◆ Task instructions: Using the material below, return exactly the lines between the one holding "Used 2023 INFINITI" and the one holding "Gritaron contra Romina", inclusive, and no others.
━━━━━━━━
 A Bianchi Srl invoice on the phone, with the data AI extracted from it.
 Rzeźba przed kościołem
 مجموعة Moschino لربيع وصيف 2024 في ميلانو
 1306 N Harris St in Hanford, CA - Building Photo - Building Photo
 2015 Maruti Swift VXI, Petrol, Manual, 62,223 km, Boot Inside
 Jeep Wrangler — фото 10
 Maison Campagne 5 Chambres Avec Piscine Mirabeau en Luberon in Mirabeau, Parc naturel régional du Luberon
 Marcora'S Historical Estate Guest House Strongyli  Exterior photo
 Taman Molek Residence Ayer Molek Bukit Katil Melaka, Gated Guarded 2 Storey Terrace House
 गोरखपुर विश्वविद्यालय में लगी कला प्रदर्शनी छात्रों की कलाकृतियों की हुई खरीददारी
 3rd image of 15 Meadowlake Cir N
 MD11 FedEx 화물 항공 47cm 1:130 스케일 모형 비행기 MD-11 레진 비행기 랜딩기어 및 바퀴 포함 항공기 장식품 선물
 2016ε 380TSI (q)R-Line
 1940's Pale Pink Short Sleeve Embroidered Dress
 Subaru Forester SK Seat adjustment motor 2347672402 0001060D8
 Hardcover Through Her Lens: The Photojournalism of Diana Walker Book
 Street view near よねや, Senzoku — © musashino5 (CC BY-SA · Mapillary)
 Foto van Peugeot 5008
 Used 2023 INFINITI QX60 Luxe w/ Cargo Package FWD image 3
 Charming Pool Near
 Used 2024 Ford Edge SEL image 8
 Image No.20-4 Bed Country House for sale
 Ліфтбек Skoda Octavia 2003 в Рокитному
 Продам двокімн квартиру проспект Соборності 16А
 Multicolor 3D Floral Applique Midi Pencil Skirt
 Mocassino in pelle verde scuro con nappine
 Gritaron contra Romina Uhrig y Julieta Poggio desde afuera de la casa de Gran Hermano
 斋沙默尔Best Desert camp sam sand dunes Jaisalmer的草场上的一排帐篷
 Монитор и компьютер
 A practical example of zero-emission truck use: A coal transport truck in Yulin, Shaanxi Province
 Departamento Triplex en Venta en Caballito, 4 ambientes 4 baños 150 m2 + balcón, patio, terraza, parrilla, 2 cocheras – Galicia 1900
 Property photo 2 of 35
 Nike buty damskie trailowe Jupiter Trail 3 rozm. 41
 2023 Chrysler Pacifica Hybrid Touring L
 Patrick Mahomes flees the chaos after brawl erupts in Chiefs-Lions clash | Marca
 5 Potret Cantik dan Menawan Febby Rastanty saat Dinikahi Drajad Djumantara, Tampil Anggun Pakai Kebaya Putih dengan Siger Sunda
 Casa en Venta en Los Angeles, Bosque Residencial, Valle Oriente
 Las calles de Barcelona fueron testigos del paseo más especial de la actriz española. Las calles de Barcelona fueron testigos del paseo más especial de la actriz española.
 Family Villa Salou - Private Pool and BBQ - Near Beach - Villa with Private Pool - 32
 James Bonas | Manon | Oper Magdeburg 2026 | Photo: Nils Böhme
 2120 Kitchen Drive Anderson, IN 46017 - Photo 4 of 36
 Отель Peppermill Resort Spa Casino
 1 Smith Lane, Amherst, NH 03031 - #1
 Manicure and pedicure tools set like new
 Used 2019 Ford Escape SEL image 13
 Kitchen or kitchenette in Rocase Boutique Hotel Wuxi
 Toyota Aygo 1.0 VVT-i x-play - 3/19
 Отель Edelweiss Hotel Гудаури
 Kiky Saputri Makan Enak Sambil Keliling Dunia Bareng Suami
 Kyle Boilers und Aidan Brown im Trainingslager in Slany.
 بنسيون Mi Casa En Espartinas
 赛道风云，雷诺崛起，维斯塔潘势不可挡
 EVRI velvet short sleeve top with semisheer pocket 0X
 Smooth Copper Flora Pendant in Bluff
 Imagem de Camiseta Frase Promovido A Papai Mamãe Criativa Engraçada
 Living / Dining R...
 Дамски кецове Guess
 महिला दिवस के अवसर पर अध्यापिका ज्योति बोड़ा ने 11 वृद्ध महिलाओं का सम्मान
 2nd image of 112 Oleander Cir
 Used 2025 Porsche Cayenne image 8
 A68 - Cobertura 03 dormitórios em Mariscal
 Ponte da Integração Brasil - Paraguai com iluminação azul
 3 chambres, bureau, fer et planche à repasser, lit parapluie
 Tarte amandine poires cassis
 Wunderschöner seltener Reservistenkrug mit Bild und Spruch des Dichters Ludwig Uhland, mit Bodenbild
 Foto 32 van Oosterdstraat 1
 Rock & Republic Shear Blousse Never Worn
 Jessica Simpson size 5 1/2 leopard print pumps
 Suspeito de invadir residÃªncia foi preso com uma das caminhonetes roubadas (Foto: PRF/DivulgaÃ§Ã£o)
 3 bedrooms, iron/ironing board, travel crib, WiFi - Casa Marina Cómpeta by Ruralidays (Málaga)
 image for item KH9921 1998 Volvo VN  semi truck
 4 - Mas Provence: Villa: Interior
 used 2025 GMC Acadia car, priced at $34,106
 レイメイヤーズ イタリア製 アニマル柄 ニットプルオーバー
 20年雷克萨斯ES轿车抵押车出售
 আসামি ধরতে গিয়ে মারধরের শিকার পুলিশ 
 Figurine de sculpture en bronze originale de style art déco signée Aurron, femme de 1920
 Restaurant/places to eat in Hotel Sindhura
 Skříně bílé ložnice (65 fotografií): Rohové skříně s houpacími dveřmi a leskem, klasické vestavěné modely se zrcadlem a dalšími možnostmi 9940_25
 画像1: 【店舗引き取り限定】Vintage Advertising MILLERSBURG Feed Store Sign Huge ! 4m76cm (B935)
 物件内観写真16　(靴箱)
━━━━━━━━
◆ Exercise solution:
 Used 2023 INFINITI QX60 Luxe w/ Cargo Package FWD image 3
 Charming Pool Near
 Used 2024 Ford Edge SEL image 8
 Image No.20-4 Bed Country House for sale
 Ліфтбек Skoda Octavia 2003 в Рокитному
 Продам двокімн квартиру проспект Соборності 16А
 Multicolor 3D Floral Applique Midi Pencil Skirt
 Mocassino in pelle verde scuro con nappine
 Gritaron contra Romina Uhrig y Julieta Poggio desde afuera de la casa de Gran Hermano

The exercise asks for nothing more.